#### What needs to be done
Please retype all of the records below word for word, leaving out any pictures.

#### Extracted entries
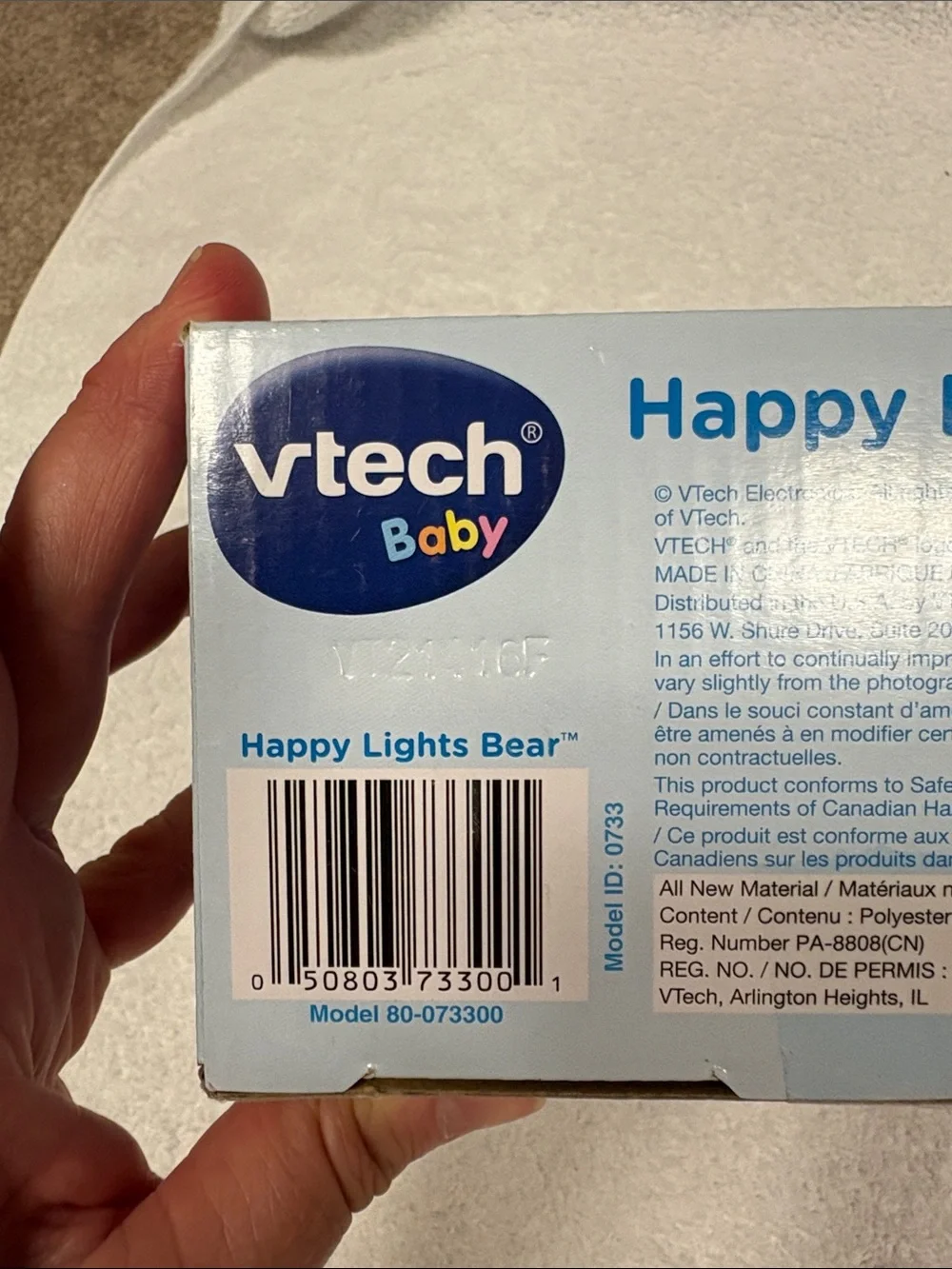 VTech Baby Happy Lights Bear - Blue Interactive Plush Bear nwt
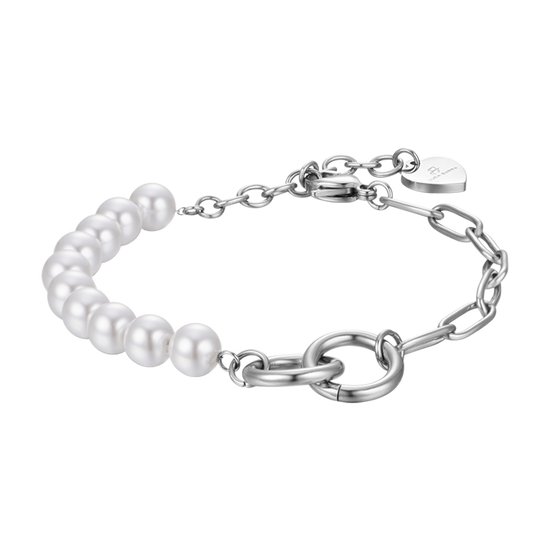 WOMAN'S BRACELET IN STEEL WITH WHITE PEARLS Luca Barra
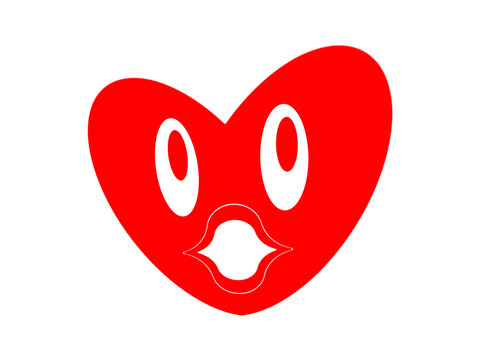 Symbol of the heart on the white background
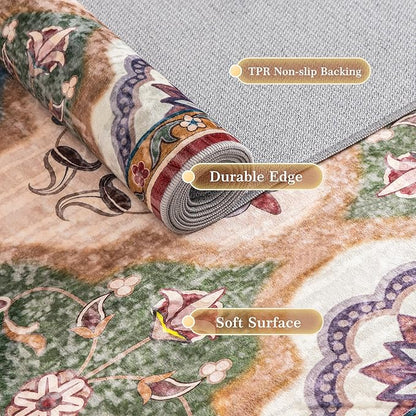 EnHomee Boho Chic 4x6 Washable Rug - Soft, Low Pile & Durable for High-Traffic Living Rooms & Bedrooms Stain Resistant, Non-Slip Easy Clean Carpet in Red&Green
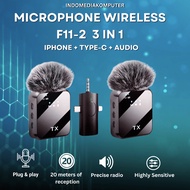 F11-2 3 In 1 Wireless Microphone for iPhone + Type-C + Audio Mic F11-2 Wireless 3in1 iPhone Type-C A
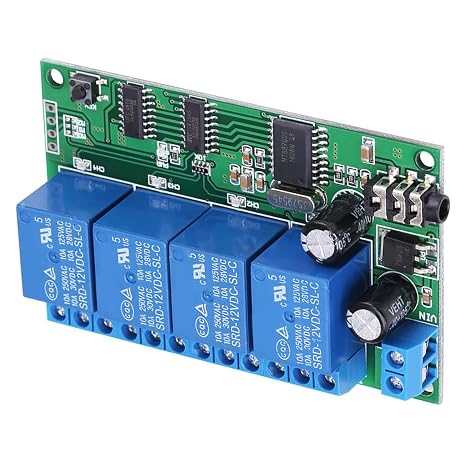 12V DTMF Decoder AD22B04 Relay, Decoder Relay DTMF 4 Channel Board PLC with Cable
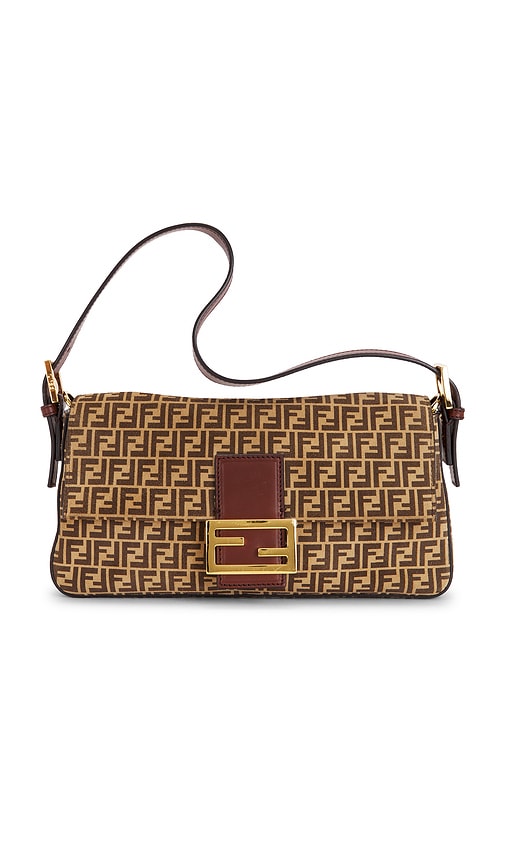 Fwrd Renew Fendi Zucchino Baguette Shoulder Bag In Brown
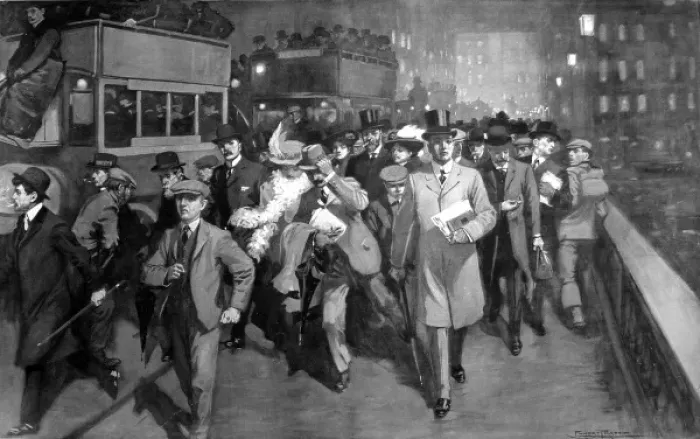 Framed Print : Workers leaving the City of London on Christmas Eve, 1908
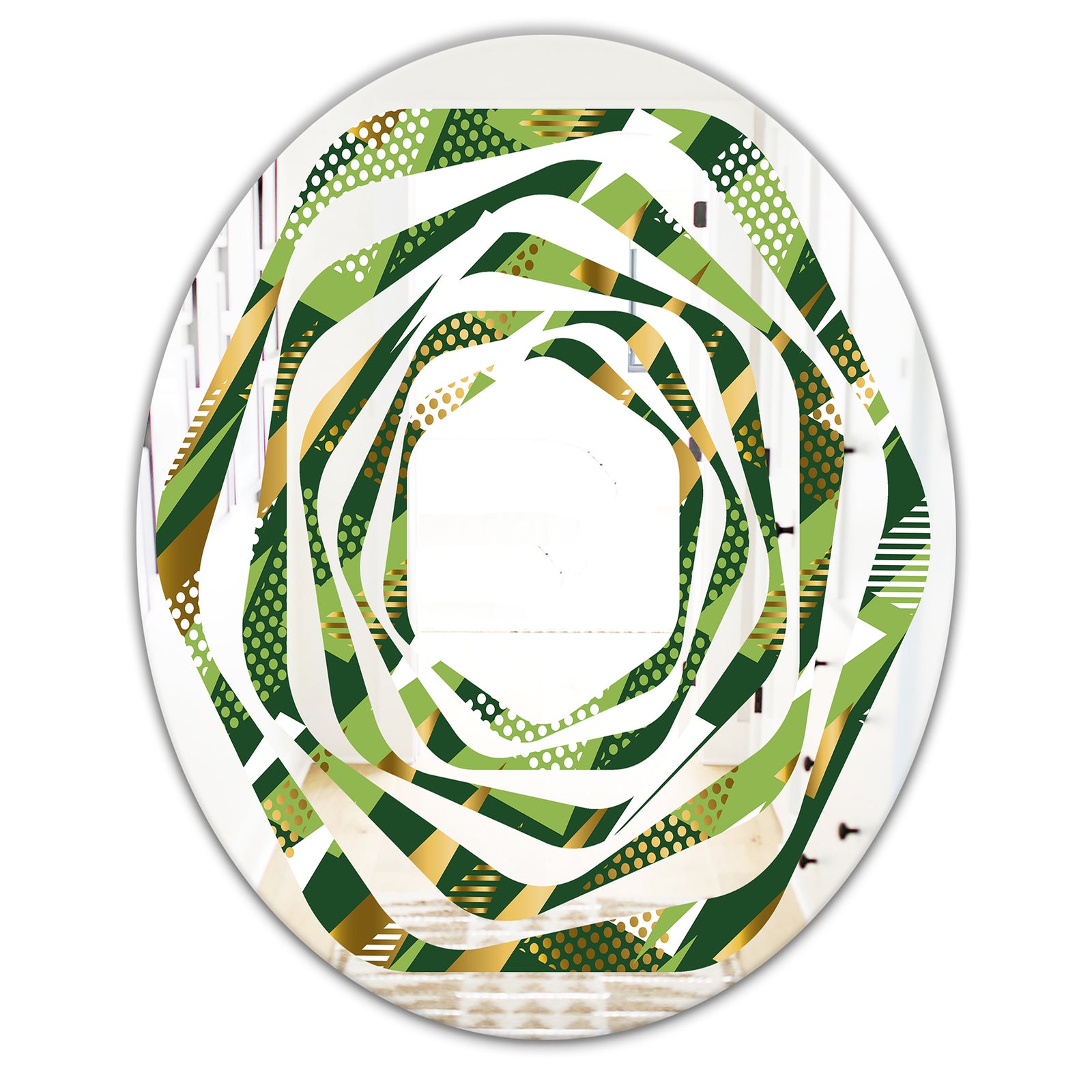 Triangular Gold and Green Design I - Modern Round or Oval Wall Mirror - Whirl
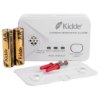 Kidde carbon monoxide alarm with two AA batteries, white back plate and two fixing screws with red plugs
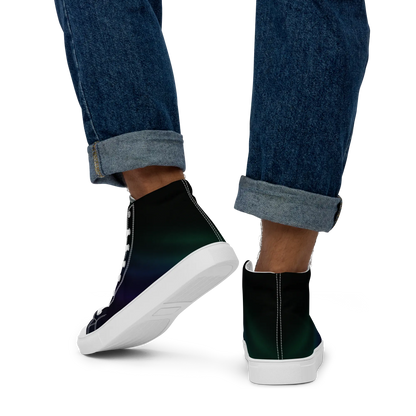 High-top canvas shoes with aurora borealis gradient design in green, blue, and purple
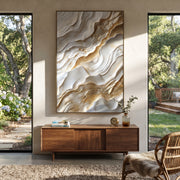 "Desert Ivory Fault Relief" - Modern Heavy Impasto Abstract Textured Artwork | White & Gold Palette Knife Painting | Luxury Vertical Wall Art #Q 383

#### Solution
 VTech Baby Happy Lights Bear - Blue Interactive Plush Bear nwt
 WOMAN'S BRACELET IN STEEL WITH WHITE PEARLS Luca Barra
 Symbol of the heart on the white background
 EnHomee Boho Chic 4x6 Washable Rug - Soft, Low Pile & Durable for High-Traffic Living Rooms & Bedrooms Stain Resistant, Non-Slip Easy Clean Carpet in Red&Green
 F11-2 3 In 1 Wireless Microphone for iPhone + Type-C + Audio Mic F11-2 Wireless 3in1 iPhone Type-C A
 12V DTMF Decoder AD22B04 Relay, Decoder Relay DTMF 4 Channel Board PLC with Cable
 Fwrd Renew Fendi Zucchino Baguette Shoulder Bag In Brown
 Framed Print : Workers leaving the City of London on Christmas Eve, 1908
 Triangular Gold and Green Design I - Modern Round or Oval Wall Mirror - Whirl
 Kidde carbon monoxide alarm with two AA batteries, white back plate and two fixing screws with red plugs
 High-top canvas shoes with aurora borealis gradient design in green, blue, and purple
 "Desert Ivory Fault Relief" - Modern Heavy Impasto Abstract Textured Artwork | White & Gold Palette Knife Painting | Luxury Vertical Wall Art #Q 383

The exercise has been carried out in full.